After a string of delays cause by stormy weather, conflicts with other flights and an engine test failure, Orbital Sciences Corp. is readying an Antares rocket for launch Sunday on a voyage to deliver 1.7 tons of cargo and supplies to the International Space Station, the company's second commercial resupply mission.


Photo of the Antares rocket on launch pad 0A at Wallops Flight Facility. Credit: NASA/Bill Ingalls
 
With forecasters predicting a 90 percent chance of acceptable weather, the two-stage 133-foot-tall Antares was scheduled for launch from the Mid-Atlantic Regional Spaceport at NASA's Wallops Island Flight Facility on the Virginia coast at 12:52 p.m. EDT (GMT-4) Sunday, the opening of a five-minute launch window.

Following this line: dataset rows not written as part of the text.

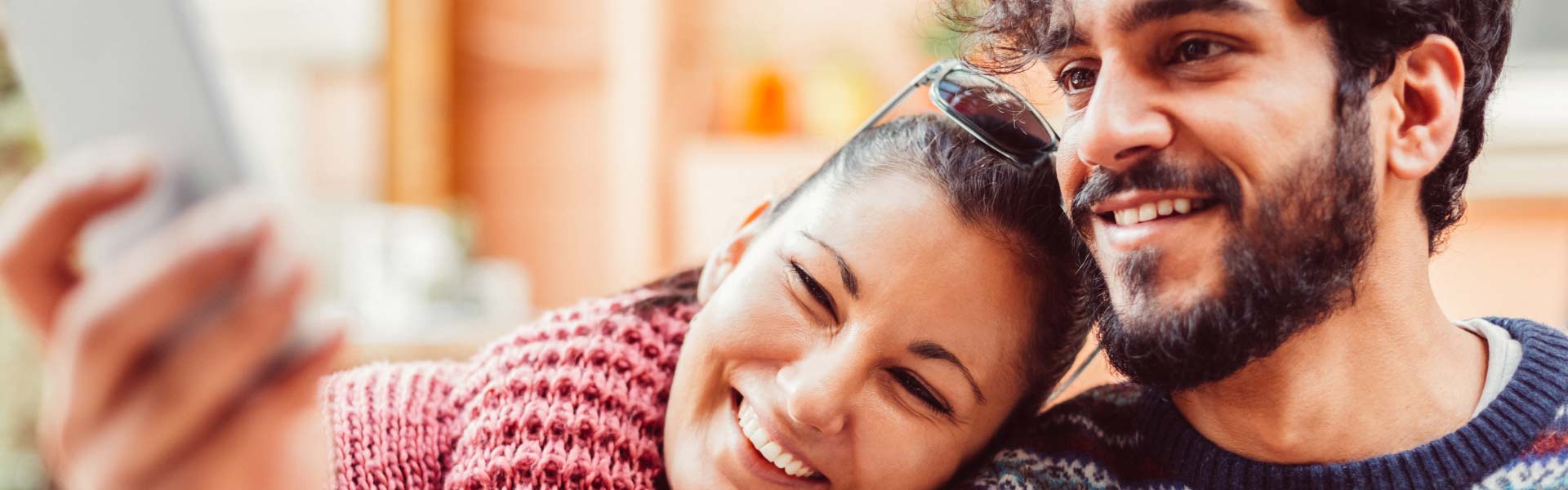 A young, smiling couple is looking at a shared phone screen.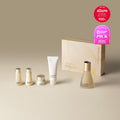 SU:M37 Secret Essence 45ml Set featuring skincare bottles and packaging against a neutral background.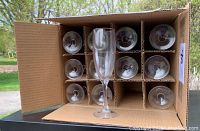 Top view inside the box showing 12 clear glass champagne flutes arranged upright in cardboard dividers.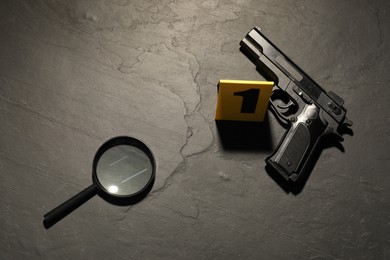 Photo of Forensic expertise. Crime scene with gun and magnifying glass on grey background, flat lay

"We're very proud and pleased to be back here at Wallops again, conducting this operation leading up to the launch of Antares," said Frank Culbertson, a former shuttle commander who serves as Orbital's vice president and general manager of advanced programs. "We're real proud to be part of the team that is keeping the station flying and providing the crew with the cargo and research they need."

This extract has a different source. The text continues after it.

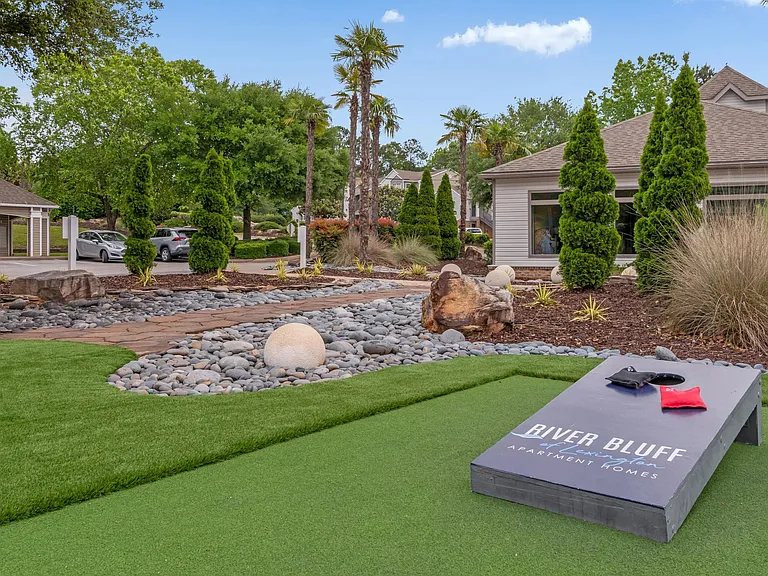 Partake in a lively match at our cornhole court inviting neighborly fun and friendly competition.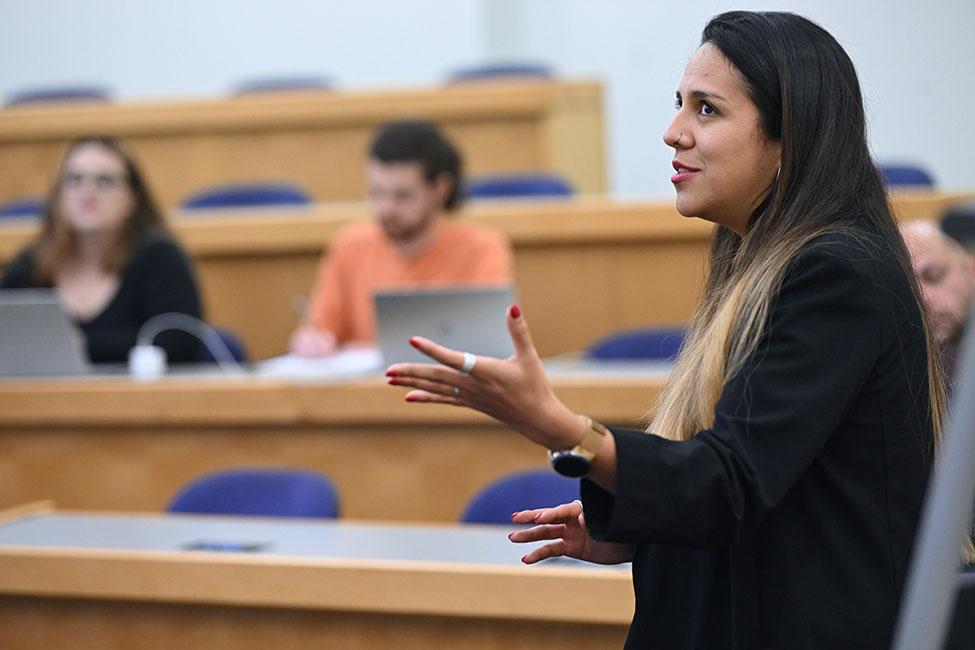 Camila Bustos lecturing to Haub Law students.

Orbital engineers had hoped to launch the rocket and its company-developed Cygnus cargo ship Friday, but the flight was delayed through the weekend by severe weather that interrupted ground processing.

Assuming an on-time launch Sunday, the uncrewed Cygnus capsule will reach the space station early Wednesday, pulling up to within about 30 feet and then standing by while the lab's robot arm locks on to pull it in for berthing at the Earth-facing port of the forward Harmony module.

The spacecraft is loaded with 3,669 pounds of crew supplies, including food for the lab's crew, spare parts and other station hardware, science equipment, spacewalk components and computer hardware.

The science equipment includes a variety of student experiments, supplies for NASA's Human Research Facility, igniters for the station's combustion test facility and a Japanese experiment that will study Marangoni convection, a type of heat transfer between solids and liquids that could lead to improvements in microgravity life support systems.

Also on board: 28 small satellites -- nanosats -- built by Planet Labs of San Francisco, part of a growing fleet of "Dove" spacecraft being tested in a commercial venture to continuously photograph the Earth. Four other nanosats also are on board, including one built by NASA to test techniques for returning small experiment samples to the ground.


The Orb-2 mission patch. Credit: Orbital Sciences Corp.
 
The Cygnus spacecraft will remain attached to the station for about a month. After it is unloaded and re-packed with trash and no-longer-needed equipment, the cargo ship will be released to burn up in Earth's atmosphere. Before re-entry, Orbital flight controllers plan to test new rendezvous equipment and procedures intended to allow Cygnus capsules to remain aloft for extended periods, enabling research after the spacecraft leave the station.

This will be Orbital's second operational station resupply mission -- Orb-2 -- under a $1.9 billion commercial contract with NASA calling for eight flights through 2016 to deliver some 40,000 pounds of supplies and equipment. SpaceX holds a similar $1.6 billion contract covering 12 resupply flights to deliver 44,000 pounds of cargo.

SpaceX has carried out three resupply missions to date with a fourth on tap in September and a fifth in December. Orbital plans its third resupply flight in October with two more on tap next year.

This week's Antares launching originally was planned for May, but the flight was delayed to early June, at NASA's request, because of conflicts with other station traffic. Then, on May 22, a first-stage engine being test fired for an Antares/Cygnus resupply flight next year suffered a catastrophic failure 30 seconds into a planned 54-second burn. The engine was destroyed, and the planned June flight was put on hold pending an investigation.

The Antares first stage is powered by two AJ26 engines supplied by Aerojet Rocketdyne. The engines originally were developed for the Soviet Union's ill-fated N-1 moon rocket. When that program was cancelled after multiple launch failures, the engines were stockpiled and in the 1990s, Aerojet bought about 40 of the powerplants and modified them for use aboard U.S. rockets.

The May 22 test failure "obviously sparked a very thorough investigation led by Aerojet Rocketdyne, our engine supplier, supported fully by Orbital with a lot of help by NASA," said Mike Pinkston, Orbital's Antares program manager. "That was a lengthy process and the primary source of the delay from the early part of June to where we are today."

The failure investigation is not yet complete and no details have been provided to the media. But the engines scheduled for use Sunday were cleared for flight after internal boroscope inspections and a review of data collected during their own test firings earlier.

"We saw what we needed to see with that and with the fact that these engines successfully passed the same acceptance process, not only here in the United States, but also twice after original manufacture in Russia," Pinkston said. "They've got a lot of test time on them. We've got a lot of confidence that the two engines on Orb-2 are ready to go."